■ Activity
Each entry has to be given again in its exact wording, and no picture may appear in the result.

■ Data under study
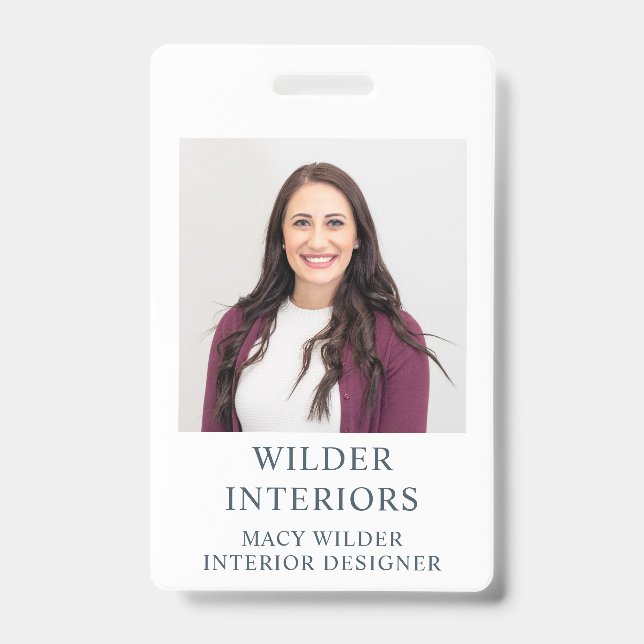 Badge de photo d'architecte d'intérieur (Avant)
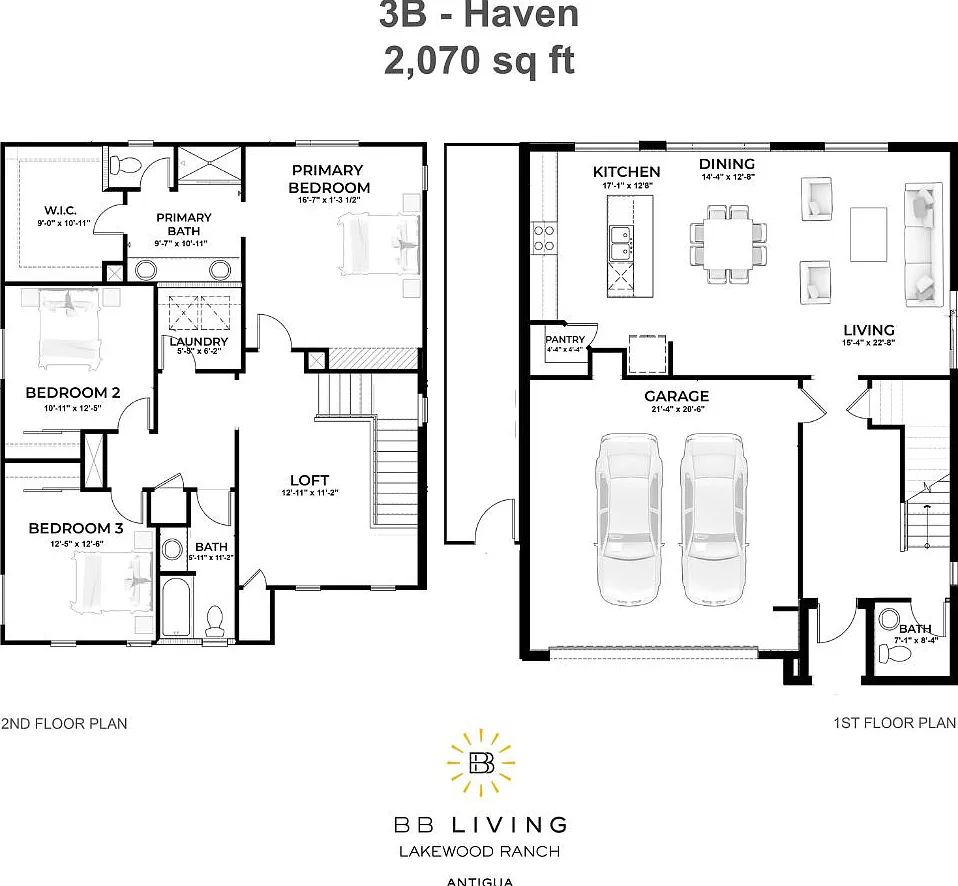 3 bed, 2.5 bath, 2077 sqft, $2,625 — Photo 2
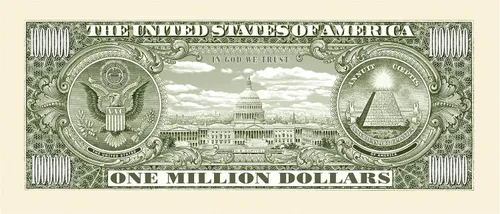 Miniatura 3 de American Art Classics Paquete de 50 - Billetes tradicionales de un millón de dólares - No es moneda real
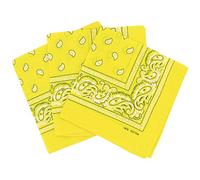 Set 3 bandanas paisley damen und herren gelb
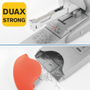 RAPID Duax Heavy Duty nietmachine 2169 Volledig strip 170 Vellen Oranje, zilver DUAX Staal (21698301)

■ Task output
 Badge de photo d'architecte d'intérieur (Avant)
 3 bed, 2.5 bath, 2077 sqft, $2,625 — Photo 2
 Miniatura 3 de American Art Classics Paquete de 50 - Billetes tradicionales de un millón de dólares - No es moneda real
 Set 3 bandanas paisley damen und herren gelb
 RAPID Duax Heavy Duty nietmachine 2169 Volledig strip 170 Vellen Oranje, zilver DUAX Staal (21698301)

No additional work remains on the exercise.